Martin Scorsese's latest epic 'Killers of the Flower Moon' is released in cinemas tomorrow, and needless to say, anticipation is sky-high.

Not only is a new Scorsese film always a treat, but this one stars both Robert De Niro and Leonardo DiCaprio - two regular collaborators of the director, but who have not starred in a film together since 1993's 'This Boy's Life'.

It seems that Di Caprio had a pretty big input into the process of 'Killers of the Flower Moon' too, according to comments made by Scorsese in a recent interview.

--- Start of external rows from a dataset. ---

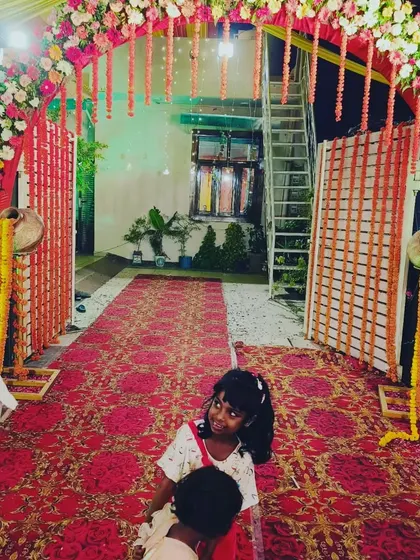 This is a floral entrance arch perfect for a home wedding or a smaller outdoor venue. The arch is decorated with mixed flowers and traditional earthen pots (matkas) with marigold strings, blending modern and traditional elements.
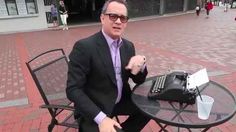 a man in a suit sitting at a table with a laptop computer on top of it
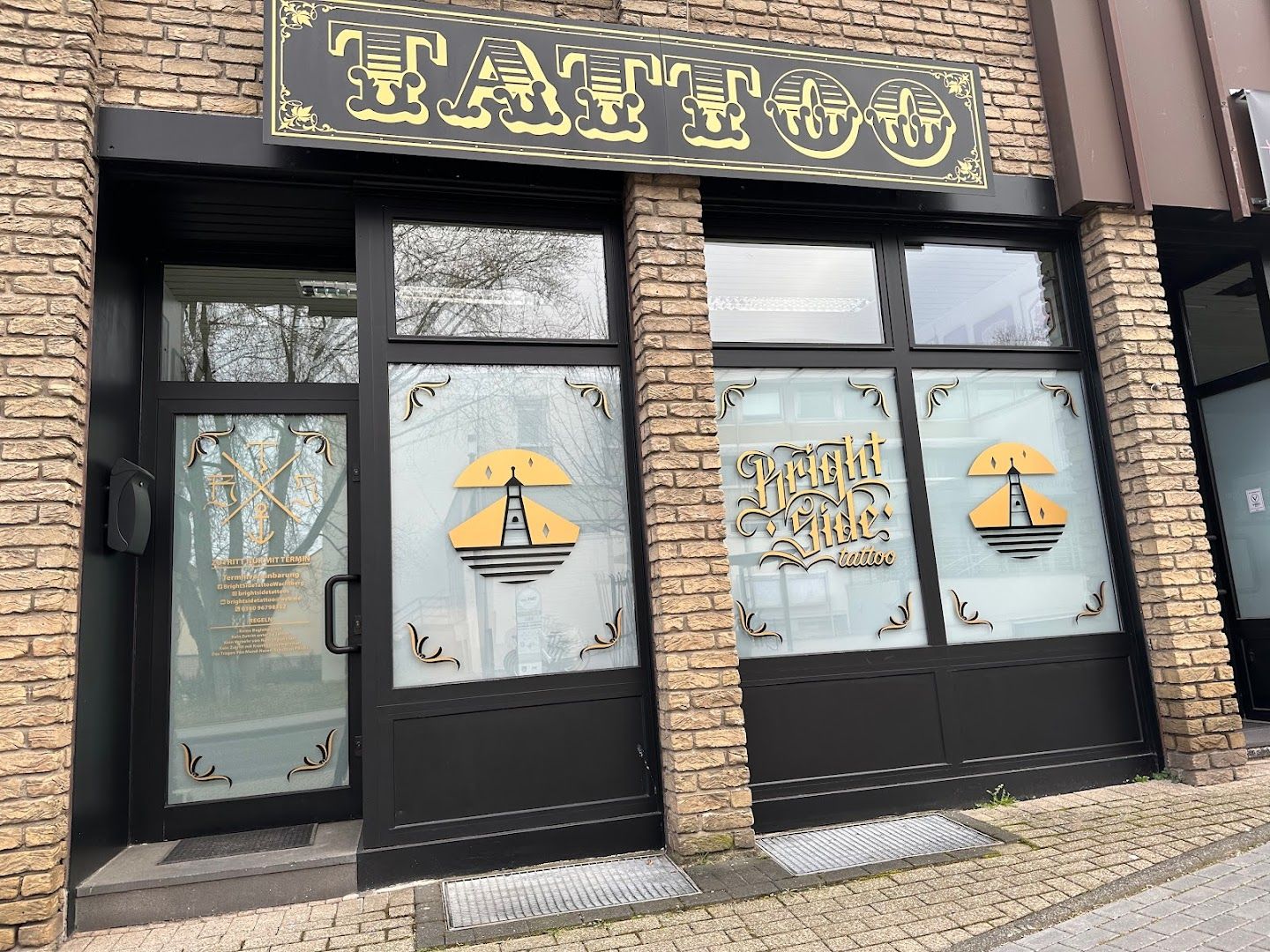 a building with a sign that says the entrance to the restaurant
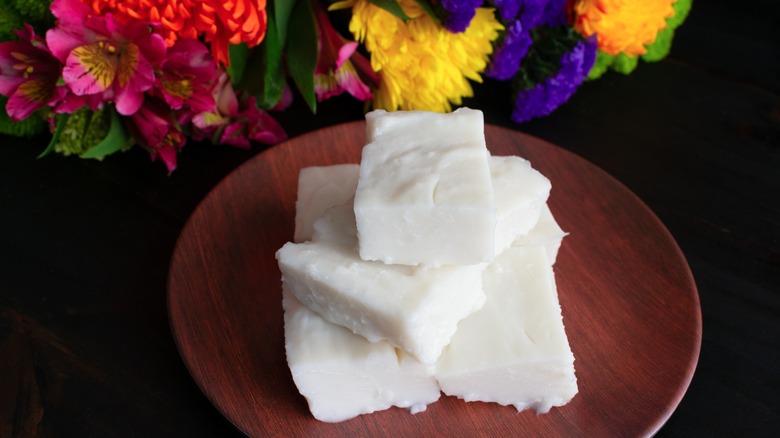 Haupia squares on wooden plate in front of colorful flowers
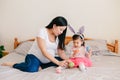 Happy Easter. Asian Chinese pregnant mother with baby girl playing with colorful Easter eggs ona  bed at home. Kid child and Royalty Free Stock Photo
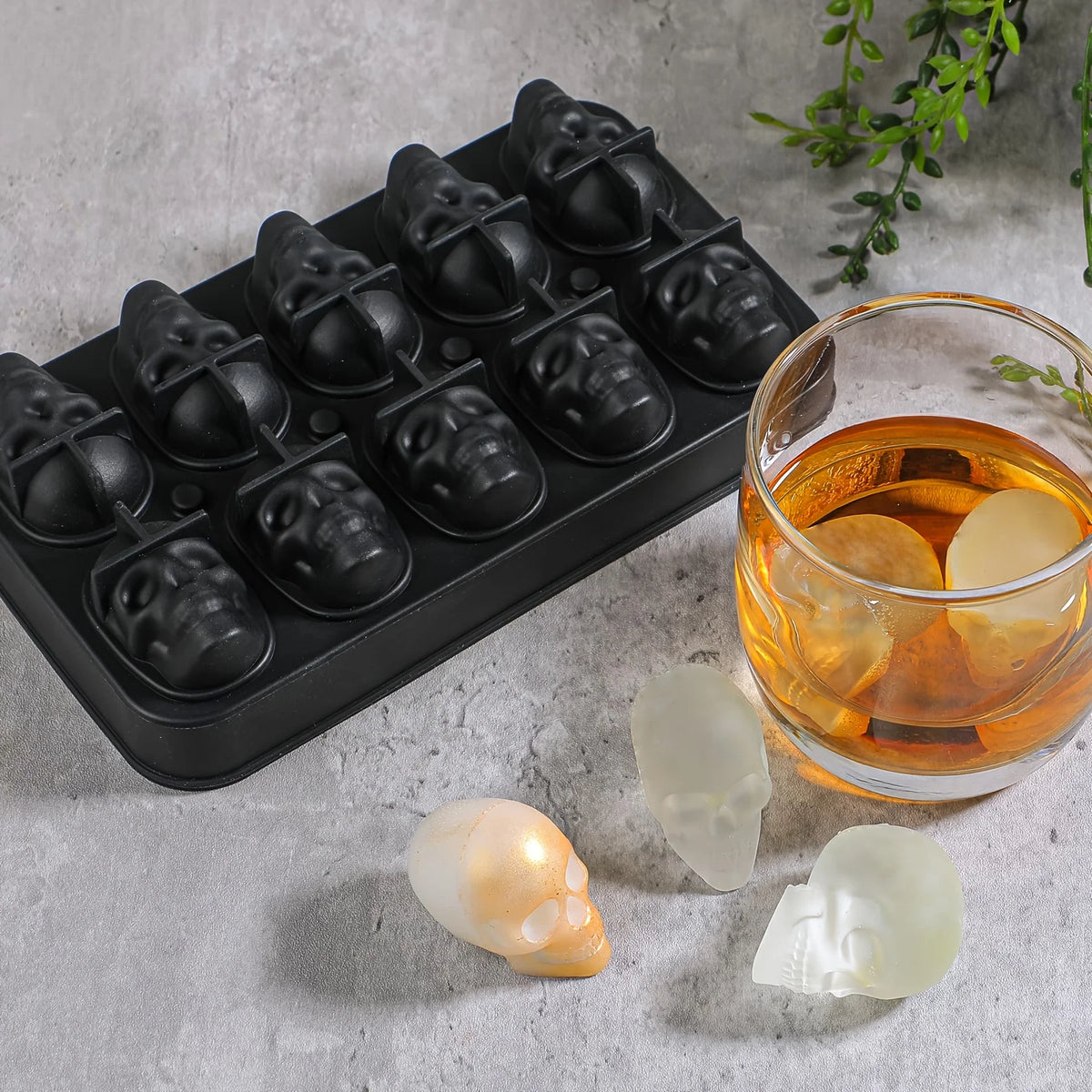 A black silicone mold tray filled with skull-shaped ice cube molds, alongside several finished translucent ice cubes.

He revealed that the original script - an adaptation of David Grann's 2017 book which examined a series of murders amongst the oil-rich Osage Nation in the 1920s - was s straightforward procedural drama over 200 pages long, and it would take "four-and-a-half hours just to read it."

DiCaprio suggested that Scorsese re-work the script to make the relationship between Ernest Burkhart and his Osage wife Mollie the heart of the story - but that Paramount did not like this re-telling and dropped out out of the project. Apple TV later came on board as financial backers.

“Myself and [co-writer] Eric Roth talked about telling the story from the point of view of the bureau agents coming in to investigate," Scorsese told The Irish Tines. "After two years of working on the script, Leo came to me and asked, ‘Where is the heart of this story?’ I had had meetings and dinners with the Osage, and I thought, ‘Well, there’s the story.’ The real story, we felt, was not necessarily coming from the outside, with the bureau, but rather from the inside, from Oklahoma."

Scorsese also revealed that DiCaprio's penchant for improvising dialogue caused some issues with Robert De Niro, as the former's set discussions a d improv were "endless, endless, endless."

"Then Bob didn’t want to talk," he told the WSJ. "Every now and then, Bob and I would look at each other and roll our eyes a little bit. And we’d tell [Leo], ‘You don’t need that dialogue.'"

The film also stars Jesse Plemons as FBI agent Tom White - the role DiCaprio was originally earmarked to play in Scorsese's original draft.